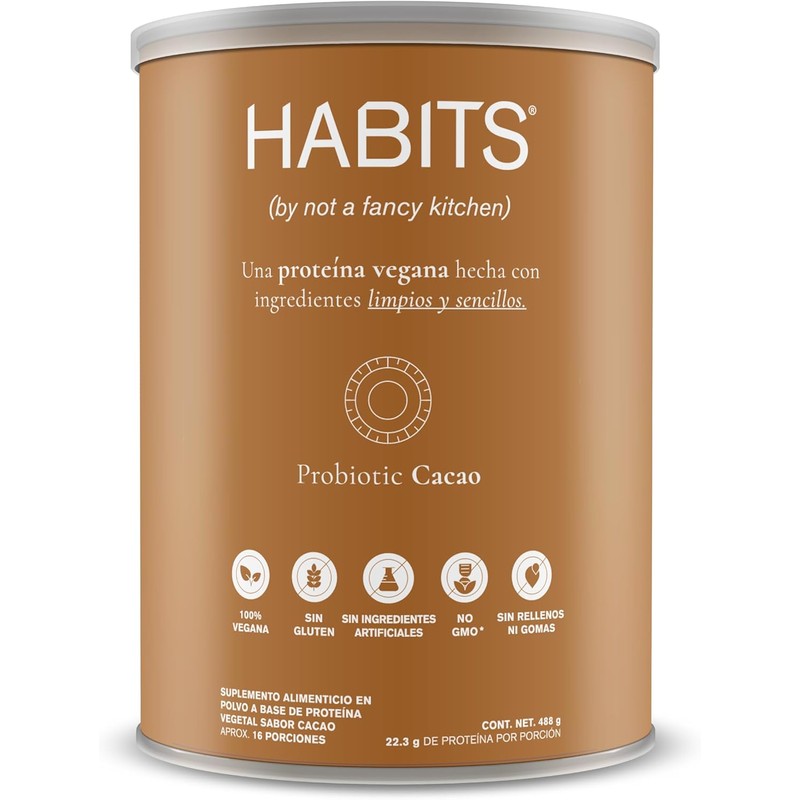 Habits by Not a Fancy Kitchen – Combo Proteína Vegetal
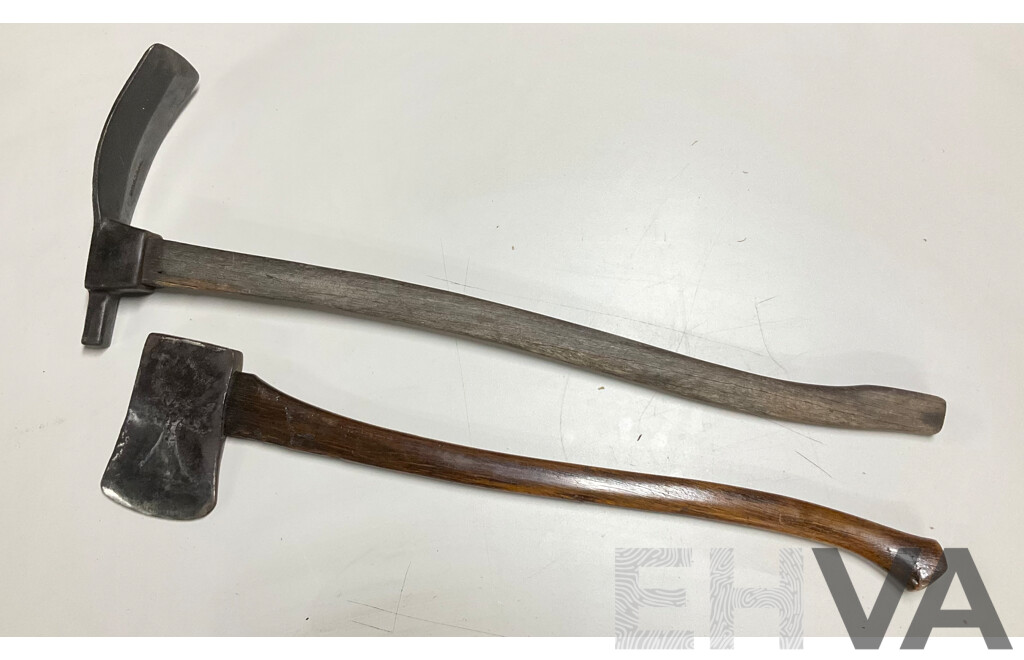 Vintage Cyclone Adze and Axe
---
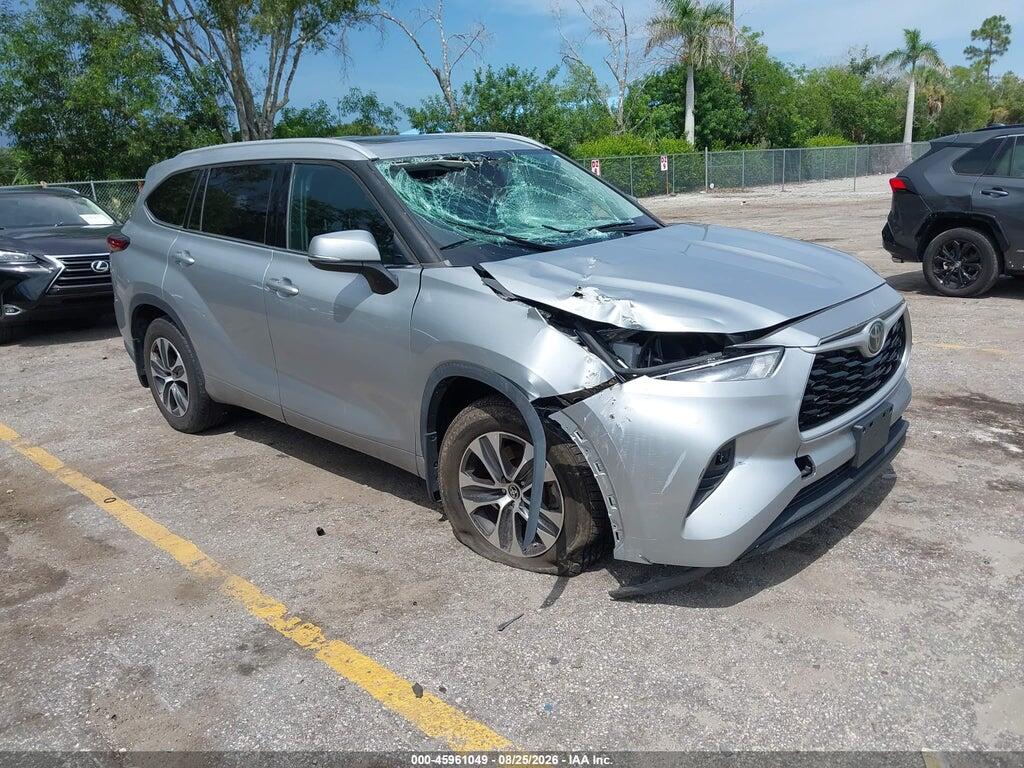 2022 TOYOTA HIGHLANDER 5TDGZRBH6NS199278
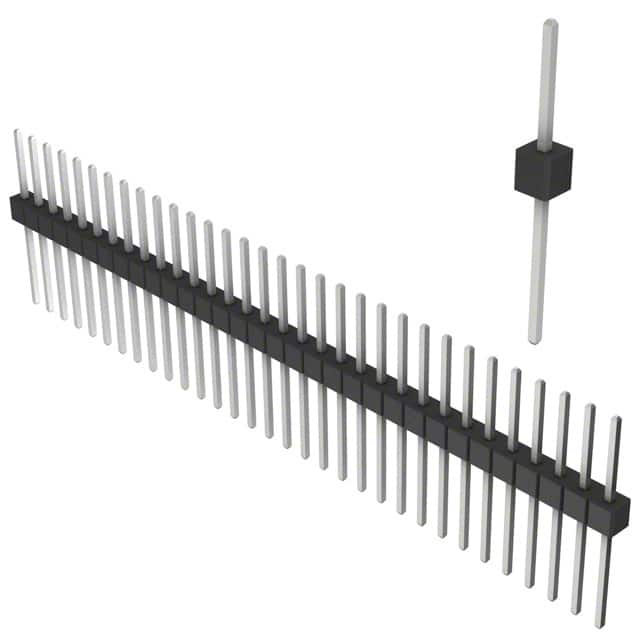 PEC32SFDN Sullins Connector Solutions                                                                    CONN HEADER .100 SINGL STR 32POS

* _TASK TO COMPLETE_: Here the job is to copy the listing above word for word, starting at the line with "2022 TOYOTA HIGHLANDER 5TDGZRBH6NS199278" and ending at the line with "PEC32SFDN Sullins Connector", and to leave out the pictures.

* _RESULT OF THE EXERCISE_:
 2022 TOYOTA HIGHLANDER 5TDGZRBH6NS199278
 PEC32SFDN Sullins Connector Solutions                                                                    CONN HEADER .100 SINGL STR 32POS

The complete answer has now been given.